▸ **EXERCISE**
Of the entries below, return only those lines from the line with "Mar Amanecer Barco" to the line with "220 Patricia Road", exactly, both included.

▸ **RAW DATA**
_ _ _ _

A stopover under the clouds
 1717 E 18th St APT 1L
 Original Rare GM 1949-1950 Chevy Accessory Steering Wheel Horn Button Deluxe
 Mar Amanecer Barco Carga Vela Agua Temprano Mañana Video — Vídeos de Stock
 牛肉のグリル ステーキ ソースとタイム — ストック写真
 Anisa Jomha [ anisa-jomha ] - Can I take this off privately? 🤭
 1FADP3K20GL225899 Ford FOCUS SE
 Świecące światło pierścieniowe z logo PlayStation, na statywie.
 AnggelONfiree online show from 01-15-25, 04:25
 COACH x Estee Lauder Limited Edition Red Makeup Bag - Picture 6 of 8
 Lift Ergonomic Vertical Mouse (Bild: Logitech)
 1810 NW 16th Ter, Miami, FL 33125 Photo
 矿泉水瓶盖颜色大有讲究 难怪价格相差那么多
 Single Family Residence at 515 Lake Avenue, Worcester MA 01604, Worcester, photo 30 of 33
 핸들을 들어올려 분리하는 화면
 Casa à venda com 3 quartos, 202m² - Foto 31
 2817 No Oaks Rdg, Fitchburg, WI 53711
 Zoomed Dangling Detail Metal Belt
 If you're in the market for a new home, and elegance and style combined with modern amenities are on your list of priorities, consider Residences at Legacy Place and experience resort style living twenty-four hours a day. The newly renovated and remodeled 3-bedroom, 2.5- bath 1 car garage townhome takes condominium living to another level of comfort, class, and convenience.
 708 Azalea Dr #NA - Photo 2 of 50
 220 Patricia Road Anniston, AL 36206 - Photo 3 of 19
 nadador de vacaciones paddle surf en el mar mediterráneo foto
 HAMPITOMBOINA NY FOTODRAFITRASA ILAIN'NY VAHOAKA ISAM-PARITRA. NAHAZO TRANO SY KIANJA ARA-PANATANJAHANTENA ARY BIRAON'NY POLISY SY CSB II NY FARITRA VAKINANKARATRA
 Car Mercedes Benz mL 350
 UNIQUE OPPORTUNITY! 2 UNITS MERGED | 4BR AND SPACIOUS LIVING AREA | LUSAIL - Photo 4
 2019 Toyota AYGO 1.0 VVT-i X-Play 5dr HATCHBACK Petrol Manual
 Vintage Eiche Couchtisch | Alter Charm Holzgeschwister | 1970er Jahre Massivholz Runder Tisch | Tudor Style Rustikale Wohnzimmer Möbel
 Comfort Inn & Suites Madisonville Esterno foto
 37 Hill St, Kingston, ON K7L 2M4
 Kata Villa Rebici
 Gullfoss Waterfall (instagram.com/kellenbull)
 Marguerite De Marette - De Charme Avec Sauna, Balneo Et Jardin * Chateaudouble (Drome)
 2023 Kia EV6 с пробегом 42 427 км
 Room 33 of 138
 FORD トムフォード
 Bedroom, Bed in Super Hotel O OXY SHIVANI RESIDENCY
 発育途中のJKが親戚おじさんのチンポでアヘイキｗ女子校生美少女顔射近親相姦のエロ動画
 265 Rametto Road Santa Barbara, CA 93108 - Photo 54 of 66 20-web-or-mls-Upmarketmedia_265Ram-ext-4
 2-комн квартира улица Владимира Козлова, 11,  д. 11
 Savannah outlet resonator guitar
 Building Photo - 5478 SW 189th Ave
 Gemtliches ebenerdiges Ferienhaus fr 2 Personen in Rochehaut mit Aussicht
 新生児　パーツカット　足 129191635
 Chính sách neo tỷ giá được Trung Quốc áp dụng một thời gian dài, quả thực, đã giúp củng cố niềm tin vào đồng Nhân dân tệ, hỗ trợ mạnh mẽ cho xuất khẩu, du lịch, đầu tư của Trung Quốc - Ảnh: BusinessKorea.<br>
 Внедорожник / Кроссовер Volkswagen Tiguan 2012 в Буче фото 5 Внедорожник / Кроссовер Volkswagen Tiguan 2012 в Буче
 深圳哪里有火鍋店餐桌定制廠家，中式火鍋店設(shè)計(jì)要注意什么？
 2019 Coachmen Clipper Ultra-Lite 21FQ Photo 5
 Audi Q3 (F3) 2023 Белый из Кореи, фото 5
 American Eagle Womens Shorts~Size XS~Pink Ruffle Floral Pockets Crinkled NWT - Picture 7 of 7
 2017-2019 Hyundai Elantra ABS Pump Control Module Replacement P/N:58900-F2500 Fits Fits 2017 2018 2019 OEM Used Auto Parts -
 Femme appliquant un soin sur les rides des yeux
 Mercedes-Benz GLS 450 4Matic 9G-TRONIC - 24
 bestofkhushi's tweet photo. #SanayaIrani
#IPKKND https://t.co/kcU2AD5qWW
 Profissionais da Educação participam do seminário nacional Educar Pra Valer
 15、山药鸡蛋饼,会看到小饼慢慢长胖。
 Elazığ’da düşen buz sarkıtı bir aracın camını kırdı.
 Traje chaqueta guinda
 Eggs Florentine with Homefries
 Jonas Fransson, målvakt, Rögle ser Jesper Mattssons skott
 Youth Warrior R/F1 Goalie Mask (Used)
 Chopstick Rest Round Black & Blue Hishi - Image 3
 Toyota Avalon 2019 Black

_ _ _ _

▸ **RESULT**
 Mar Amanecer Barco Carga Vela Agua Temprano Mañana Video — Vídeos de Stock
 牛肉のグリル ステーキ ソースとタイム — ストック写真
 Anisa Jomha [ anisa-jomha ] - Can I take this off privately? 🤭
 1FADP3K20GL225899 Ford FOCUS SE
 Świecące światło pierścieniowe z logo PlayStation, na statywie.
 AnggelONfiree online show from 01-15-25, 04:25
 COACH x Estee Lauder Limited Edition Red Makeup Bag - Picture 6 of 8
 Lift Ergonomic Vertical Mouse (Bild: Logitech)
 1810 NW 16th Ter, Miami, FL 33125 Photo
 矿泉水瓶盖颜色大有讲究 难怪价格相差那么多
 Single Family Residence at 515 Lake Avenue, Worcester MA 01604, Worcester, photo 30 of 33
 핸들을 들어올려 분리하는 화면
 Casa à venda com 3 quartos, 202m² - Foto 31
 2817 No Oaks Rdg, Fitchburg, WI 53711
 Zoomed Dangling Detail Metal Belt
 If you're in the market for a new home, and elegance and style combined with modern amenities are on your list of priorities, consider Residences at Legacy Place and experience resort style living twenty-four hours a day. The newly renovated and remodeled 3-bedroom, 2.5- bath 1 car garage townhome takes condominium living to another level of comfort, class, and convenience.
 708 Azalea Dr #NA - Photo 2 of 50
 220 Patricia Road Anniston, AL 36206 - Photo 3 of 19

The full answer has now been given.